Se al tavolo del vostro ristorante siede spesso un uomo non troppo alto, con i capelli neri e la carnagione scura, che studia attentamente i piatti e il modo in cui li servite, è possibile che si tratti di Alessandro Di Rosa. Dovesse proporvi i suoi disegni a fine pasto, voi ascoltatelo. Perché in questo modo sono nate collaborazioni con chef importanti come Pino Cuttaia del ristorante La Madia di Licata, una stella Michelin, o Carlo Cracco cuoco di stanza a Milano che non ha bisogno di presentazioni. E perché Alessandro Di Rosa, l’artigiano cui piace mangiare bene, è finito sul New York Times, pagine dell’arte. Il motivo sono i suoi piatti in vetro personalizzati nelle fogge, nelle misure e nei colori, che deliziano gli chef italiani ben oltre Modica e la Sicilia, dove è nato. Anche se, al momento, il suo più fervente testimonial è il cuoco Ciccio Sultano, del ristorante Il Duomo di Ragusa, due stelle Michelin.
Stanco di assecondare la moda dei piatti più in debito con l’architettura che con il cibo, Sultano ha chiesto a Di Rosa piatti rettangolari di vetro trasparente che riescano a catturare e esaltare i colori delle salse. Più una serie di cucchiaini sempre in vetro, grazie ai quali i clienti potranno scegliere dal menù con maggiore libertà rispetto al classico percorso—antipasto, pasta e piatto di carne—della cucina italiana tradizionale.
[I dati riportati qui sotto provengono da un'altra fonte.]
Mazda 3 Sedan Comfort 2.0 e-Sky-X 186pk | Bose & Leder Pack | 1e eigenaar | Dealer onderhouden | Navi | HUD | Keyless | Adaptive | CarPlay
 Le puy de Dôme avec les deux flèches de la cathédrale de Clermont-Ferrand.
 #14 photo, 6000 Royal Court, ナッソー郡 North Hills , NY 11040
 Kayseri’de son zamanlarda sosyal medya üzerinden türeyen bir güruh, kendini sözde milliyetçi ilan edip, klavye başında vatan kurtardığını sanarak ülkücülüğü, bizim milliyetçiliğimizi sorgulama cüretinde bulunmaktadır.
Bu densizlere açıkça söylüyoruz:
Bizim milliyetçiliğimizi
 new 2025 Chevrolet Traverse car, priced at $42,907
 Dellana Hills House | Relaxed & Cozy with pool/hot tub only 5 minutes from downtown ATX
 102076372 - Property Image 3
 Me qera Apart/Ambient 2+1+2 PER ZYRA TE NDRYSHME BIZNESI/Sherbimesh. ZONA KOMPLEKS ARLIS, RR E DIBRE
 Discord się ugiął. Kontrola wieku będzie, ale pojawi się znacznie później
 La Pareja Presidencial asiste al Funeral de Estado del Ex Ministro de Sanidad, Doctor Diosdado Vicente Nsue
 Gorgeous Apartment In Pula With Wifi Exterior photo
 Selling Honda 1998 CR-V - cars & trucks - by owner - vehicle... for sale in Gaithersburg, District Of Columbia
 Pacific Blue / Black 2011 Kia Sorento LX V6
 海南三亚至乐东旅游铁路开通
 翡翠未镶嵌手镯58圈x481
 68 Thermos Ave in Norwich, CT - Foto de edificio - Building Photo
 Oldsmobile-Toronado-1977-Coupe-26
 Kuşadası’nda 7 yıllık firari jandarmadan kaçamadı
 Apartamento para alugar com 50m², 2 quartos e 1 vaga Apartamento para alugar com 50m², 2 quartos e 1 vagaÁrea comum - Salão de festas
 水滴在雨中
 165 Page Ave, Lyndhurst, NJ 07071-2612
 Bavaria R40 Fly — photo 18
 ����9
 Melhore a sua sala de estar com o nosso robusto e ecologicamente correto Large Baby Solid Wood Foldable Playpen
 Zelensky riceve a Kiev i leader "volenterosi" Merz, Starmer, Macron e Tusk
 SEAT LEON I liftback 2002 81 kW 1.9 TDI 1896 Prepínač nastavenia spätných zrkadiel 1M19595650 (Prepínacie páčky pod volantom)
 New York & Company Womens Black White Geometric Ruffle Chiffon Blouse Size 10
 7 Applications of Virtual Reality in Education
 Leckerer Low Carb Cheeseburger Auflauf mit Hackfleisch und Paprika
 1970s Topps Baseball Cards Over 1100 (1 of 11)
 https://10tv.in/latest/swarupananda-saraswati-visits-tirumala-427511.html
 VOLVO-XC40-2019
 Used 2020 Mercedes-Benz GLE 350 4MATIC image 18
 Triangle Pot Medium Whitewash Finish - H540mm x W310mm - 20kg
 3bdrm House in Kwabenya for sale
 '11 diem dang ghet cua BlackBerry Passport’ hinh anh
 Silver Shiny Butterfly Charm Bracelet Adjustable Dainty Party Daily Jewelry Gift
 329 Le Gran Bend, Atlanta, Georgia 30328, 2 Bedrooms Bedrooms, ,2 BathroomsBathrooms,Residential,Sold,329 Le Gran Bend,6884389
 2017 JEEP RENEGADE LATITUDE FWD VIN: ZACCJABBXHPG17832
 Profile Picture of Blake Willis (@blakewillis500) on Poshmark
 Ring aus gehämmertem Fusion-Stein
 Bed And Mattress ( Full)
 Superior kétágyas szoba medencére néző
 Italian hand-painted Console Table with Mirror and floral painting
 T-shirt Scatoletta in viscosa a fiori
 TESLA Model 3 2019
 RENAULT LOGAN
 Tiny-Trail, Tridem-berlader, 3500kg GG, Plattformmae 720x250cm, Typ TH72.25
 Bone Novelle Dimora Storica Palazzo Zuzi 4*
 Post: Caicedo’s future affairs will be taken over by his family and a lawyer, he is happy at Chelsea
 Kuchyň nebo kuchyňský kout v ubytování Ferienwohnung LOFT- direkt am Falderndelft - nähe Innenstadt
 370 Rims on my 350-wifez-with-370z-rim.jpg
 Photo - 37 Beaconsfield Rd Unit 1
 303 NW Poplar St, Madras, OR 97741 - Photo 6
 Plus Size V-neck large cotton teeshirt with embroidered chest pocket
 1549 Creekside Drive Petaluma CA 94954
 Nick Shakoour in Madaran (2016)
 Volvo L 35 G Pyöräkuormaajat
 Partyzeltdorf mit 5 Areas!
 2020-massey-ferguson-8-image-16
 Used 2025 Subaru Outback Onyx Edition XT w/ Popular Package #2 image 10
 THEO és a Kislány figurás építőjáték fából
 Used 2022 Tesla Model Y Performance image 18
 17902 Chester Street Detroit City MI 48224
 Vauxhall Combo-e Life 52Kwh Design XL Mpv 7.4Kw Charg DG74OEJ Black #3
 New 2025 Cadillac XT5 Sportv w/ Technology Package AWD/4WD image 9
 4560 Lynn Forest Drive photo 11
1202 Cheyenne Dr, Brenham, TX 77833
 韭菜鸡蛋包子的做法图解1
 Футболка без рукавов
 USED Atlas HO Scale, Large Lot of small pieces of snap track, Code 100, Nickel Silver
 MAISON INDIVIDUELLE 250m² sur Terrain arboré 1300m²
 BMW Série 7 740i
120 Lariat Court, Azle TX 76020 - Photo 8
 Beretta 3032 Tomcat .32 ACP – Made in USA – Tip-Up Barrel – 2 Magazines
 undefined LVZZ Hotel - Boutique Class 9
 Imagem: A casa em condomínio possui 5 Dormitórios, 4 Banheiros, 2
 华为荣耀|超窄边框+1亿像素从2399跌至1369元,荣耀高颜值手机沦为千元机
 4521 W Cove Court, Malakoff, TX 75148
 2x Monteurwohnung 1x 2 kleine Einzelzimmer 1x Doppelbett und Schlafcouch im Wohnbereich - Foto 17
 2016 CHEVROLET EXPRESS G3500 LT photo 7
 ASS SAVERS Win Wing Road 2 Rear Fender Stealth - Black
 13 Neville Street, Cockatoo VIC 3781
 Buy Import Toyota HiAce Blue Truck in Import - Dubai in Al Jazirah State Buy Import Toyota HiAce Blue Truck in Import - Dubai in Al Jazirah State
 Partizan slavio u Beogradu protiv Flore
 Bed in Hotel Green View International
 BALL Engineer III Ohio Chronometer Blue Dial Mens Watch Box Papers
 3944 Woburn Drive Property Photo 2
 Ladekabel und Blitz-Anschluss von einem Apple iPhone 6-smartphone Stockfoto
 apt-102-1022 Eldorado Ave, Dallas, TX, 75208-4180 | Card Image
Il lavoro di Alessandro Di Rosa può essere visto qui. E sarebbe interessante sapere cosa ne pensate, perché non tutti amano i piatti quadrati, ricordo una ostinata avversione dello scrittore Camillo Langone, e nemmeno i piatti in vetro. O quelli troppo ricercati accusati di rubare la scena alla cosa più importante. Il contenuto.